キーノートスピーチはMike Pacielloだ。90年ごろからCSUNの常連である。まだ、アクセシビリティという言葉すら一般的でなかった頃から、ここに参加していた。その中で、おそらく最初にWebアクセシビリティのコンセプトを固め、それを普及させるために地道な取り組みを続けていた人である。アクセシブルなWebサイト構築のためのハンズオンワークショップを毎年やっていた。いわばWebアクセシビリティの父である。WCAGの基準作成にも大きく貢献している。彼は最初に、504条の成立に深くかかわったJudy Heumannが数日前に亡くなったことに触れていた。ジャスティン・ダートなどと共に、ADAの成立に大きく貢献した人として語られていた。この分野の人間にとっては、アクセシビリティの母を失ったような気がしても不思議ではない。

Judy Heumann が亡くなったことに触れる


彼の話は、Webだけでなく、デジタルアクセシビリティ全般に及んでいた。いまやモバイルアプリや、情報キオスクなど、さまざまな分野のデジタル機器の全てがUDでなくてはならない環境になったのだから、視野が広がるのは当然である。
また、国際標準も含め、各国でアクセシビリティを進めてきたことも語っていた。世界を回って各国の政府や企業にアクセシビリティやユニバーサルデザインの重要性を説いてきたのである。

Mikeが日本に初めて来たときのエピソードは笑えた。まだ日本にはアクセシビリティという言葉がなかった頃だ。で、そのときに、担当者はCommon Sense(常識)と訳したらしい。これはなかなか秀逸な話である。ま、私としては、ユニバーサルデザインを「前提」と訳したいところなのだが。彼は何度も日本に来てくれた。そうやって、日本にもWebアクセシビリティを根付かせてくれたのだ。有難いことだ。内閣府から各省庁へWebアクセシビリティについては、通達が出せるようになったのだから。ただ、その他のICTアクセシビリティが全く動いていないことを考えると、ちょっと残念ではあるが。。(思い出せば、このころ、外務省が障害者権利条約の第9条アクセシビリティを、「利用のし易さ」と訳し、ユーザビリティとの概念とバッティングしてHCD関係者を大いに悩ませたこともあったなあ)

彼のセリフの中で、印象に残った言葉がある。「全人的で、インクルーシブで、ユニバーサルなアクセシビリティを、広範に求めてきた。」これこそが、彼の人生そのものだろう。また、この前にもキングスカレッジの学長だったArthur Burns の言葉も紹介していた。「あなたの情熱を見つけ、あなたのキャリアをそれで包んでいこう」Mikeのアクセシビリティに対する情熱は、このCSUNで見つかり、それが彼の人生の全てになったのだ。アクセシビリティやユニバーサルデザインを世界に広めてきた情熱の源が、ここにあったのだろう。ま、それはHarry もGreggも同じではあるが。

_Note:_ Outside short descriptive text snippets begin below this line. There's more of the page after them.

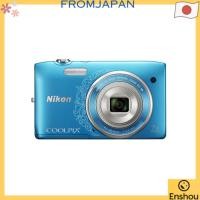 ราคา FromJapan USED Nikon กล้องดิจิตอล COOLPIX S3500 ซูมออพติคอล 7 เท่า ความละเอียด 20 05 ล้านพิกเซล สีน้ำเงิน S3500DBL (41964024219)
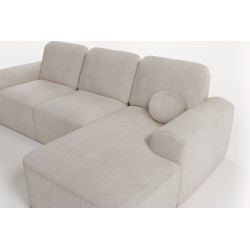 Elegant Monaco I Corner Sofa with a sleeping function, upholstered in Velvet fabric, Velo 625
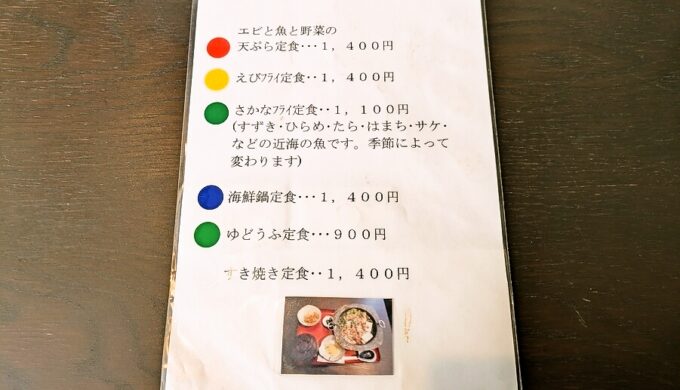 メニュー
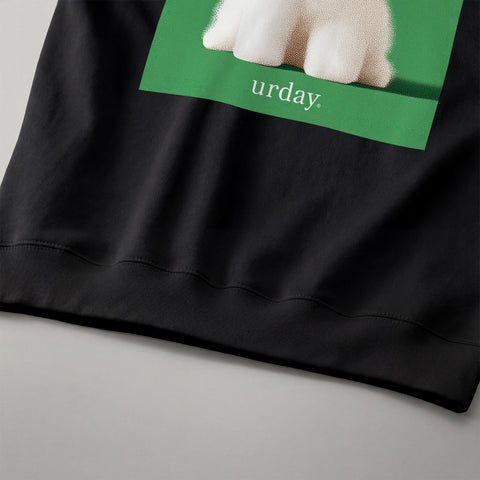 予約：urday【cat】アートワークスウェットシャツ（u-a-sw-0001-01）ホワイト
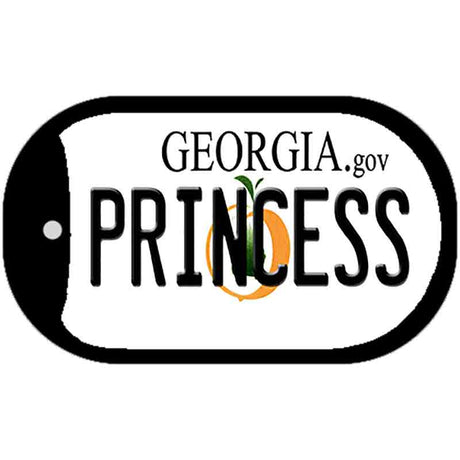 Princess Georgia Novelty Metal Dog Tag Necklace DT-6159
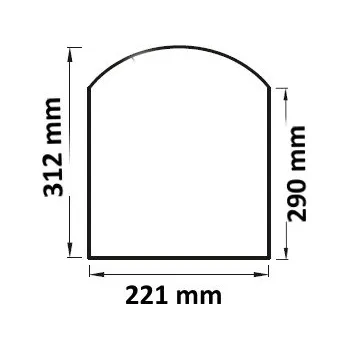 Krbová kamna Žáruvzdorné sklo do kamen Guča Arina 2, Nordica Giuletta, Violetta, Fiorella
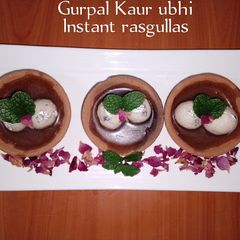 Instant rasgulla 🥛🍋 A picture of Instant rasgulla 🥛🍋.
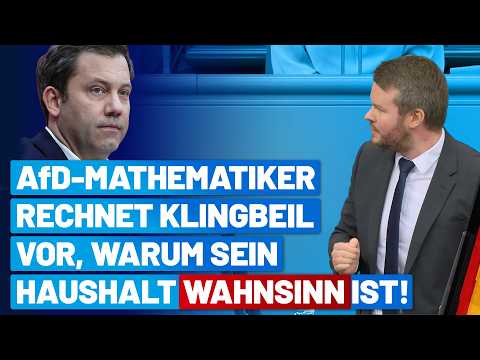 Schwarz-Rot macht Deutschland zum Sanierungsfall! - Dr. Michael Espendiller - AfD-Fraktion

全人的な、インクルーシブな、UDとアクセシビリティへの挑戦

今回は、ずっとGreggの隣でMikeの話を聞いていた。彼自身も、数年前はこのキーノートを務めたことがある。Gregg、Harry、Mike、そして今回はもう会えていないけど、WGBHのLarry Goldbergなど、世界のアクセシビリティやユニバーサルデザインを牽引してきた人々の顔が浮かぶ。この人たちの人生も、Judyと同様に、いつか物語になるのかもしれない。UDやアクセシビリティの歴史そのものになるだろう。